Davanın taraflarından davacı gerçek kişi olup, Mahkemece davacının tacir olup olmadığına ilişkin bir araştırma yapılmamıştır.
Mahkemece ticaret mahkemesinin basit usul hükümleri doğrultusunda yargılama yaptığını gözeterek, ikinci kez takipsiz bırakılan davanın açılmamış sayılmasına karar verildiği, asliye hukuk mahkemesinin görevli olması durumunda; yazılı yargılama usulünün uygulanması gerektiği ve bu taktirde dosyanın ikinci kez takipsiz bırakılması durumunda davanın açılmamış sayılmasına karar verilmesinin mümkün olmadığı hususu dikkate alındığında, görevli mahkemenin doğru olarak belirlenebilmesi için tarafların yukarıdaki açıklamalar kapsamında tacir olup olmadığının belirlenmesi gerekir. Bu durumda mahkemece, 6102 sayılı TTK’nın 11/2. maddesi uyarınca çıkarılan en son tarihli Bakanlar kurulu kararı da araştırıldıktan sonra, davacının tacir sıfatının bulunup bulunmadığının tespit edilmesi bu tespitin sonucuna göre asliye ticaret mahkemesinin görevli olup olmadığı belirlenerek hüküm kurulması gerekirken, görevli mahkemenin tespiti için gerekli araştırma yapılmadan, yazılı şekilde hüküm kurulması doğru olmamıştır.
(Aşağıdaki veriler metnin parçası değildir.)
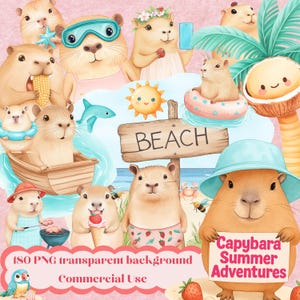Imágenes prediseñadas de capibara, 180 imágenes prediseñadas de capibara kawaii para diseño de sublimación, paquete PNG, paquete de imágenes prediseñadas lindo, diseño de camiseta de moda.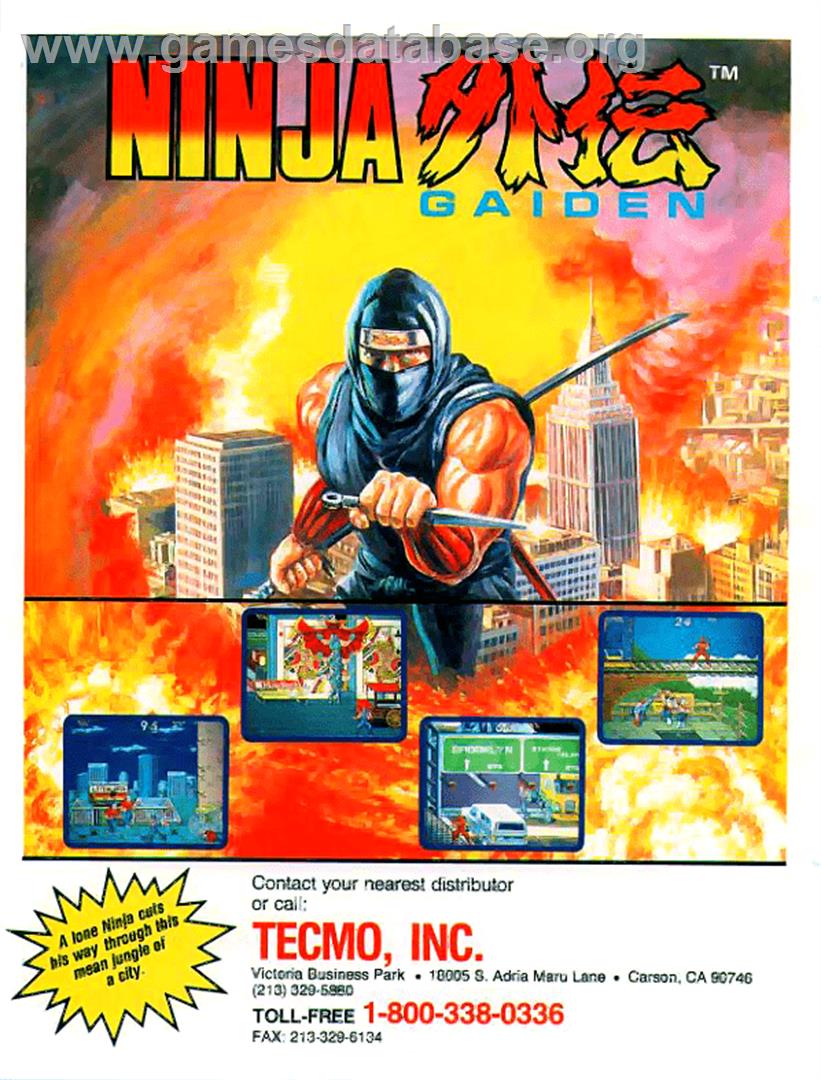 Ninja Gaiden Sega Genesis Mega Drive Video Game Cartridge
Yukarıda açıklanan nedenlerle eksik inceleme ve değerlendirmeyle yazılı şekilde hüküm kurulması isabetli olmadığından, davacı vekilinin istinaf başvurusunun esası incelenmeksizin kabulüne, mahkeme kararının HMK’nın 353/1-a-3 maddesi gereğince kaldırılmasına, dosyanın Dairemiz kararına uygun şekilde incelenip karara bağlanması için kararı veren mahkemeye gönderilmesine karar verilmesi gerekmiştir.
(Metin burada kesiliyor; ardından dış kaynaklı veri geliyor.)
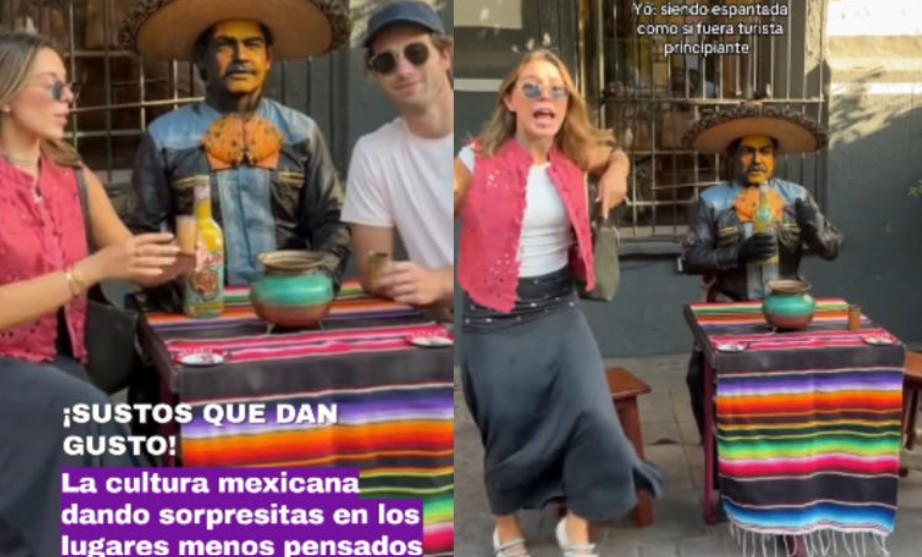 Pareja se lleva tremendo susto con estatua viviente y se vuelve viral 62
HÜKÜM: Yukarıda açıklanan nedenlerle;
1-Davacı vekilinin istinaf başvurusunun KABULÜNE,
2-Ankara 4. Asliye Ticaret Mahkemesi’nin…nolu kararının HMK’nın 353/1-a-3 maddesi gereğince KALDIRILMASINA,
3-Dosyanın Dairemiz kararına uygun şekilde incelenip, karara bağlanmak üzere mahal mahkemesine GÖNDERİLMESİNE,
4-Davacı tarafça yatırılan istinaf karar harcının talep halinde kendisine iadesine,
5-İstinaf aşamasında yapılan yargılama giderlerinin ve istinaf başvuru harcının ilk derece mahkemesince verilecek yeni kararda dikkate alınmasına,
6-İstinaf yargılaması sırasında duruşma açılmadığından davacı yararına vekalet ücreti taktirine yer olmadığına,
7-Kararın ilk derece mahkemesince taraflara tebliğine,
Dosya üzerinde yapılan inceleme sonucunda 6100 Sayılı HMK’nun 353/1-a-3 maddesi gereğince KESİN olmak üzere 25/11/2021 tarihinde oybirliği ile karar verildi.